All of these datasets are labeled for factuality by expert annotators. This is an up-to-date collection of high-quality labeled datasets over strong LLM outputs. The MiniCheck paper further discusses the rationale for including or excluding different benchmarks.

Cost Considerations

We think it's important for LLM fact-checkers to be small and cheap to run. A response from an LLM might consist of many sentences. To identify and localize errors, a fact-checker needs to be called many times. If we use GPT-4 as the fact-checker, we can easily spend >10x more to verify the response than we did to produce it in the first place!

The leaderboard also includes model size as a key factor. For most models, this correlates with FLOPs and cost in a standard way. However, this is a stark divide between open-source models and closed-source models. Fact-checking the examples in the benchmark can cost as much as $100 when using GPT-4, but as little as $1 when using smaller models hosted on premise. We hope to provide guidance to practitioners about what models perform well across different scales.

(More detail on cost is available in the MiniCheck paper.)

How do models do?

Among LLMs, more recent and larger-scale models typically perform better. Notably, Mistral-Large 2 and Claude-3.5 Sonnet outperform the latest GPT-4 variants and Llama-3.1-70B Instruct is also a strong off-the-shelf open model.

Bespoke-Minicheck-7B: The best performance on our leaderboard comes from a 7B model that was created using a proprietary data curation process from Bespoke Labs. In contrast to other MiniCheck models in the paper, Bespoke-Minicheck-7B was trained using synthetic data from Llama-3.1-405B which is the strongest open model available for commercial use. Surprisingly, it outperforms much bigger models demonstrating that the data curation process is the key for small model performance.
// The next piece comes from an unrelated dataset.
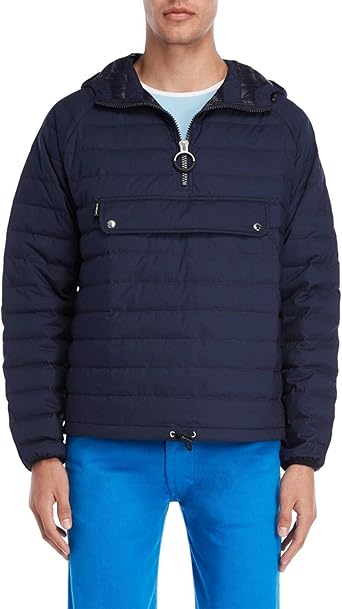 Fiorucci Quilted Hooded Cotton Jacket Made in Italy Size Large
Bespoke-Minicheck-7B is available as a demo here.

Benchmark and Contribute: Please use this colab to evaluate your model on the LLM-AggreFact benchmark and let us know by opening a PR at the MiniCheck github repo or send an email here.

Conclusion and Future Work

We are eager to see more progress in small, faster, and more performant models for this kind of fact-checking. We will be actively maintaining this leaderboard; if you wish to add your model to it, please get in touch with us.

Caveats: Systems on this leaderboard are benchmarked in a zero-shot fashion. As this is a binary classification task, it is possible to tune the threshold for each dataset. We believe this should be explored in practice. The MiniCheck paper shows that slightly stronger results can be achieved by doing this, but frontier LLMs do not benefit much.

Furthermore, note that this task involves detecting hallucinations, but is not the only phenomenon referred to as such. A significant body of work is concerned with whether LLMs output the right answers about long-tail entities when prompted "closed book", e.g., FActScore and the recent WildHallucinations. This is not our focus.